Following damage caused by a major storm in 1864, the then lord of the manor, John Francis Basset, offered to rebuild the structure again. The new building was designed in the Italianate style, built in ashlar sandstone and was completed in 1867. It originally consisted of a rectangular block of seven bays facing onto on Commercial Street with a four-stage tower on the right. The main block featured round headed openings with voussoirs and keystones on the ground floor and sash windows with architraves and keystones on the first floor. The tower featured a sash window with an architrave and a keystone in the second stage and a louvred opening in the third stage. It was surmounted by a cornice, a low pyramid-shaped roof and a weather vane. Internally, the principal rooms were the town hall on the ground floor and the courtroom for the magistrates on the first floor. There was also an eleven bay, single storey market hall extending along Church Street: the central bay, which slightly projected forward, contained a large round headed opening which was surmounted by a pediment containing a carved roundel in the tympanum. The market hall was also intended for use as a corn exchange.

In October 1873, a trial took place in the building, during which the prosecuting solicitor demanded that the miners, James and Joseph Bawden, be sentenced to five months on the treadmill in Bodmin Jail for their part in the Camborne riots. During the trial, the defendants' supporters threatened to blow up the Redruth Courthouse, which as the small debts courthouse was particularly unpopular with the miners, and pursued the prosecutor down the street.
As it was, many of the windows in the market house at Camborne were shattered in the disturbances which followed.

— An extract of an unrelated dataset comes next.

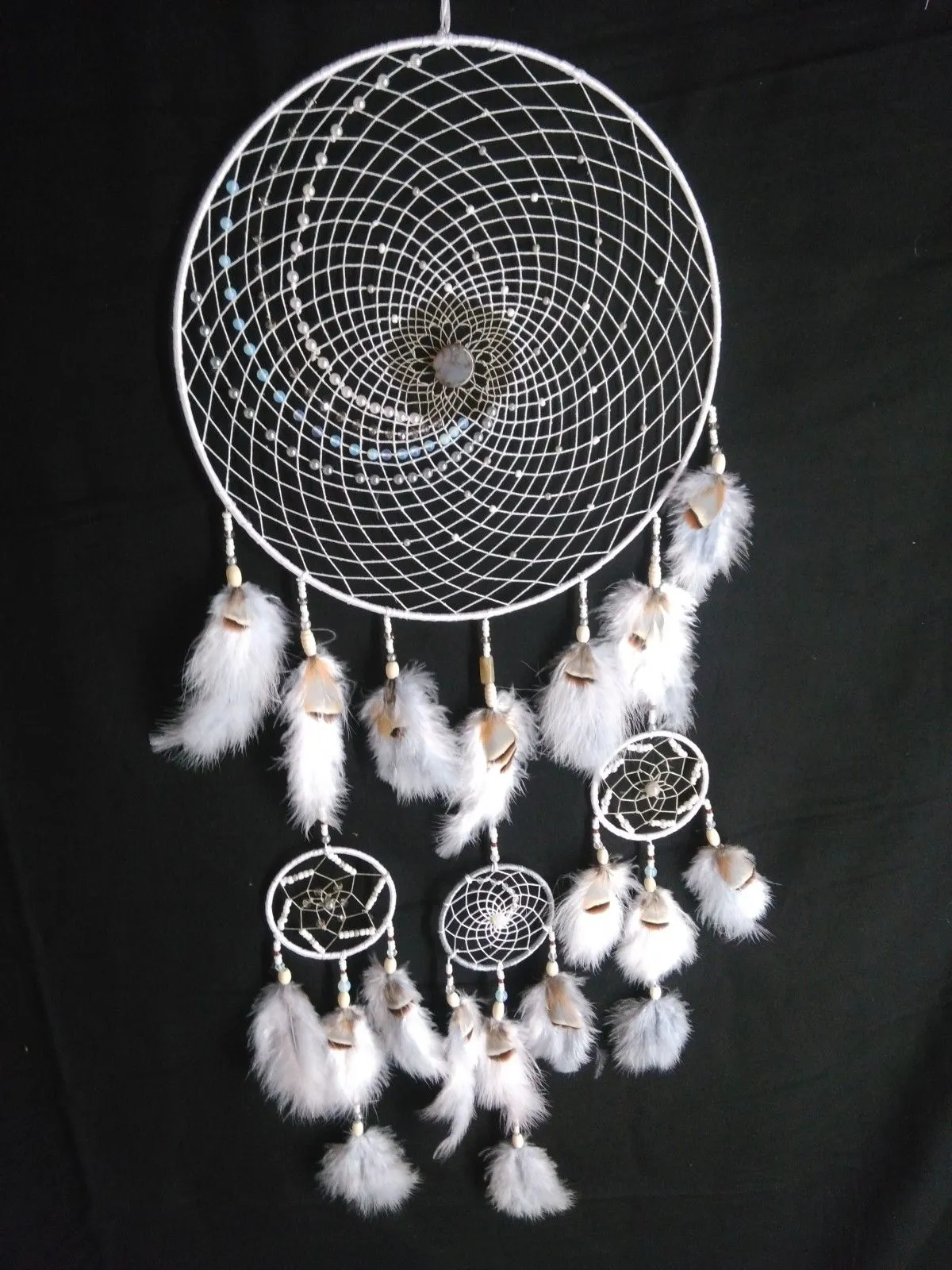 Capteur de rêves "CRISTALINE", artwork by Martine THOMAS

An hour-striking clock, designed and manufactured by Dent of London, was installed in the fourth stage of the tower in 1875. In 1911, the complex was considerably expanded by the addition of an extra floor above the single-storey market hall. The market hall was leased by the Basset family to William Tangye in September 1887. However, the use of the building as a corn exchange declined significantly in the wake of the Great Depression of British Agriculture in the late 19th century.

The Church Street block, which became known as St. George's Hall, was converted into a cinema known as the Picturedrome in early 1909. It was rebranded as the Cinedrome in 1920 and as the Scala Cinema in 1937. Following the closure of the cinema the early 1960s, the building was acquired by the Bartle family and became a skating rink and concert venue. Performers who took part in events at the skating rink included the vocal group, The Cascades, in 1963 and the rock band, The Who, in October 1965.

In 1979, following a change of ownership, the venue started operating as a nightclub known as "The Berkeley Centre": the local band Muse performed there in the mid-1990s. In September 2004, it was acquired by the Vigus family and rebranded as "The Corn Exchange". After the owners of the Corn Exchange got into financial difficulties, the building was purchased by Wetherspoon in 2010 and, following a major programme of refurbishment works costing £1.3 million, it reopened as a public house known as the "John Francis Basset" (on the Church Street frontage) in May 2011, and then as a hotel (on the Commercial Street frontage) in July 2015.